**** INFORMATION PROVIDED

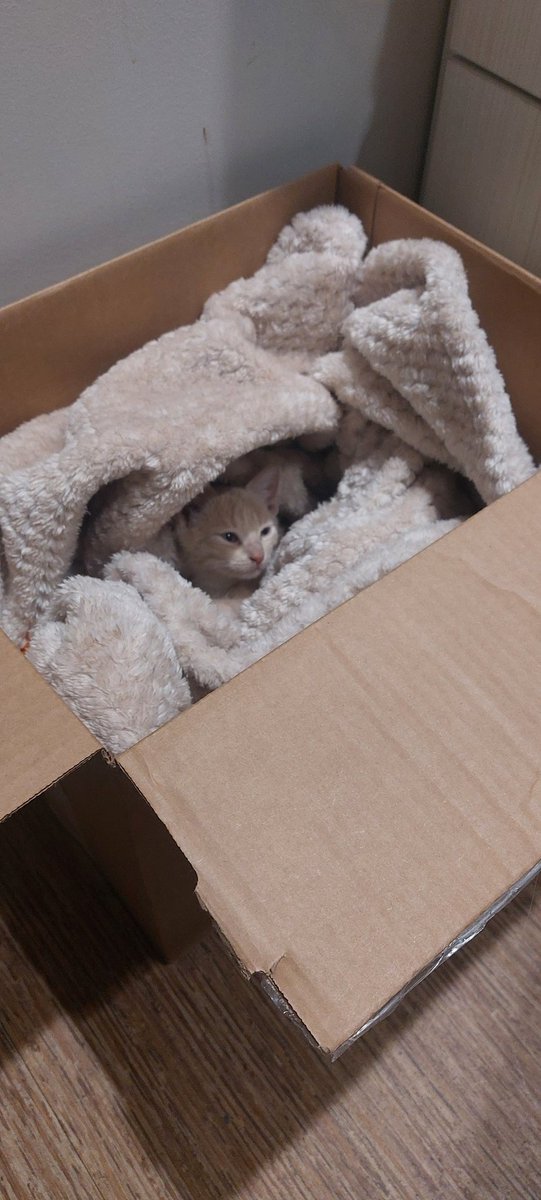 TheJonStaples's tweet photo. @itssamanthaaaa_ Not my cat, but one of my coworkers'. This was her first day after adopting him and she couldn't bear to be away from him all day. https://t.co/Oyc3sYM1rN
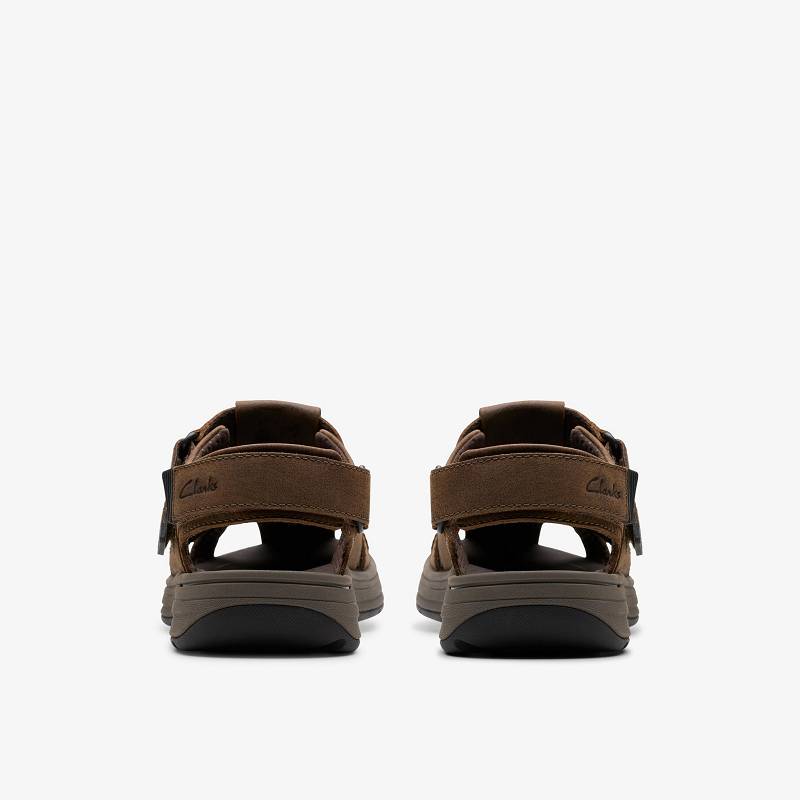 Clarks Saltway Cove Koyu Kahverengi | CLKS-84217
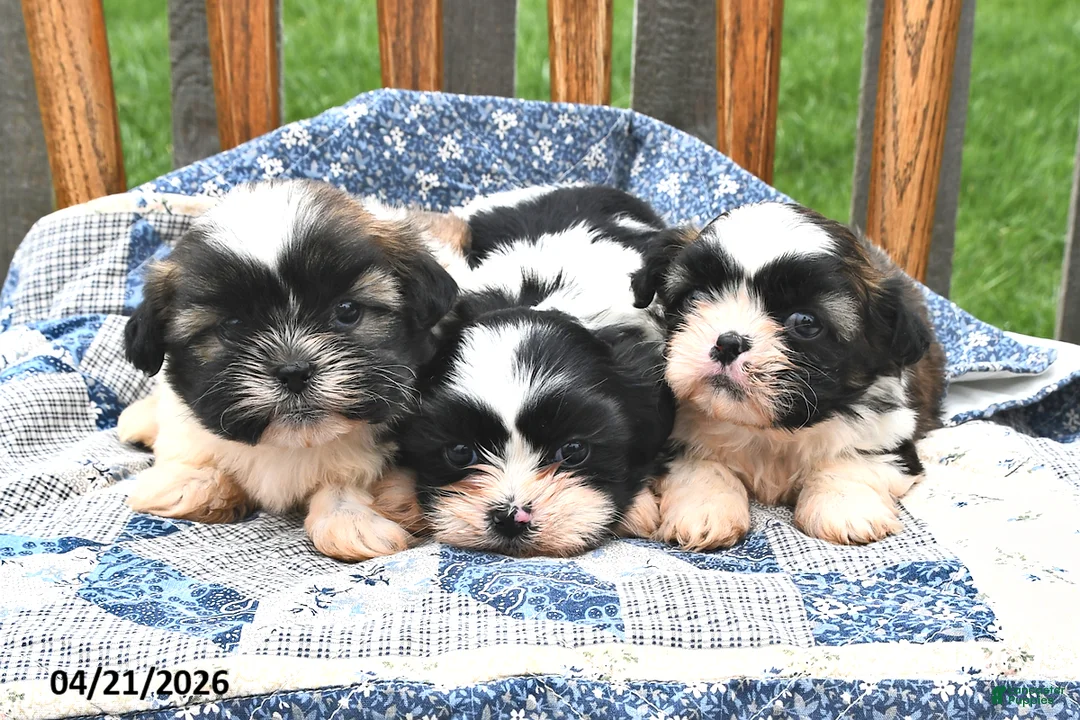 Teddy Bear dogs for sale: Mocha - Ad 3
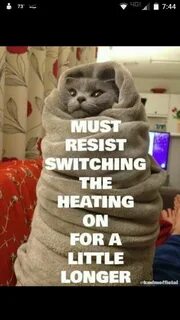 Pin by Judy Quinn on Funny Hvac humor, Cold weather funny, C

********

- [PROBLEM STATEMENT] Restate the listing word for word and drop the pictures.

- [OUTPUT]
 TheJonStaples's tweet photo. @itssamanthaaaa_ Not my cat, but one of my coworkers'. This was her first day after adopting him and she couldn't bear to be away from him all day. https://t.co/Oyc3sYM1rN
 Clarks Saltway Cove Koyu Kahverengi | CLKS-84217
 Teddy Bear dogs for sale: Mocha - Ad 3
 Pin by Judy Quinn on Funny Hvac humor, Cold weather funny, C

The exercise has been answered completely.